EJN’s Bay of Bengal Grantee Bolsters Efforts to Support Regional Ocean Literacy

The Bangladeshi non-governmental organization VOICE has used a grant from Interenws’ Earth Journalism Network (EJN) to form an Ocean Literacy Network based in Dhaka in partnership with several national organizations from the Bay of Bengal region. The network includes two community-based media organizations Radio Naf and EarthLanka, and seven other NGOs, universities and conservation groups.

The network stems from online and offline consultations VOICE hosted to introduce mass-media organizations, educational institutions, and NGOs to the initiative on ocean literacy in the Bay of Bengal region.

Now the newly established network plans to produce ocean literacy toolkits, conduct training workshops for educators, journalists, and Ocean conservation communicators in the Khulna, Barishal, and Chittagong coastal regions and host a Bay of Bengal regional conference in Bangladesh involving India, Myanmar, Thailand and Sri Lanka as a learning exchange.

VOICE, a non-governmental organization focused on progressive communications, inclusive and sustainable development and conservation, received support from EJN through our 2018 Bay of Bengal Organizational Grant program.

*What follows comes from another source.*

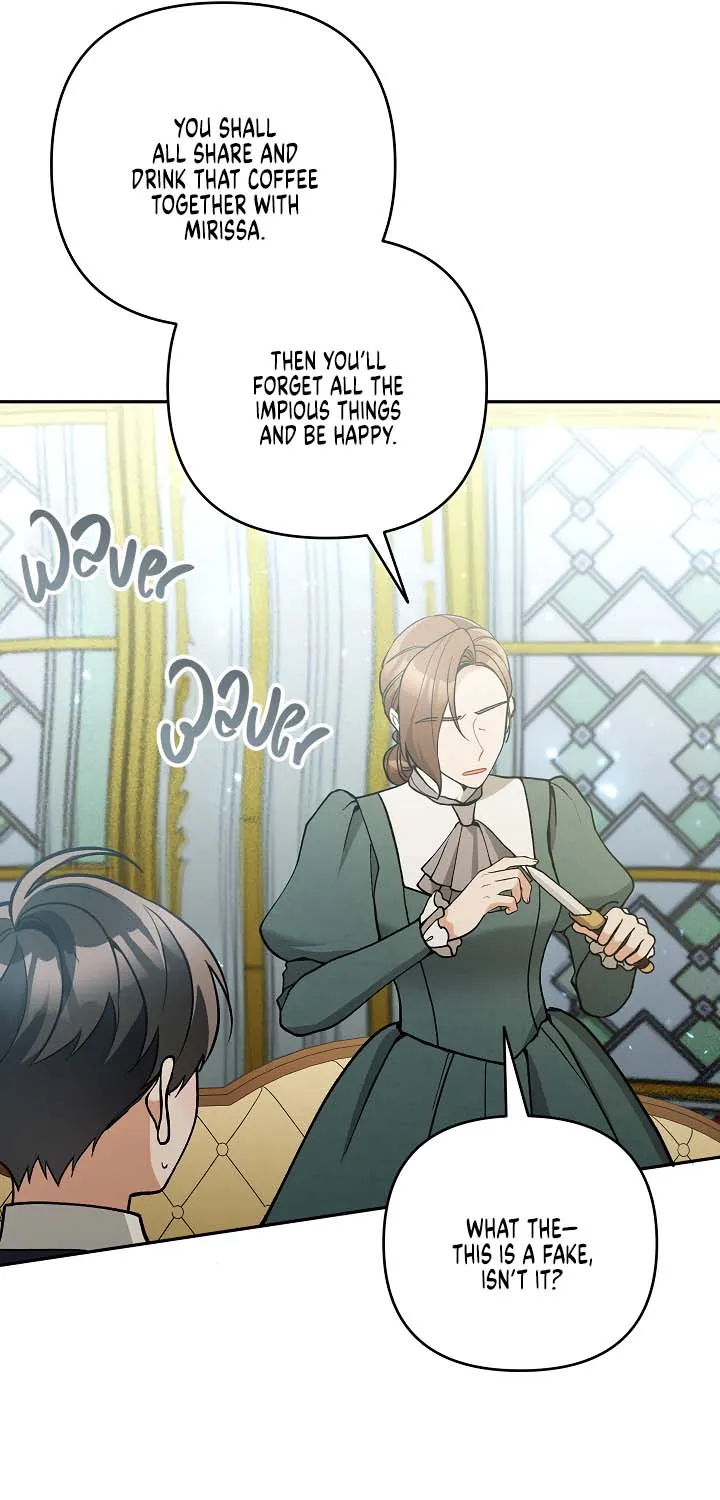 Please Don’t Come To The Villainess’ Stationery Store! Kainu Manga Chapter 64 Page 55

As part of that grant, they also built a community-storytelling platform that trained community members to create and share stories about the human dimensions of climate change and conservation. VOICE plans to continue supporting that platform.
The Ocean Literacy Network will build the capacity of community-based media, informal and formal educators, storytellers, and citizen journalists to use Ocean Literacy and Bay of Bengal Literacy as tools to create holistic contents on the region’s riverine, coastal and marine ecosystems. 

Recently, while speaking at a national consultation hosted by the network, UNESCO’s Country Representative for Bangladesh Beatrice Kaldun said this initiative can be leveraged to protect the precious marine and endangered ecosystems within the Bay of Bengal region.

‘We are thankful to EJN for the support that helped us to start the whole thing, and would like to continue to work with EJN on future initiatives,’ said Md Kutub Uddin, a Facilitator at VOICE and Program Lead for the Ocean Literacy Network. ‘We are so excited about the fact that many organizations are interested to build their capacity in Ocean Literacy and use it as a mass-communication tool for conservation.”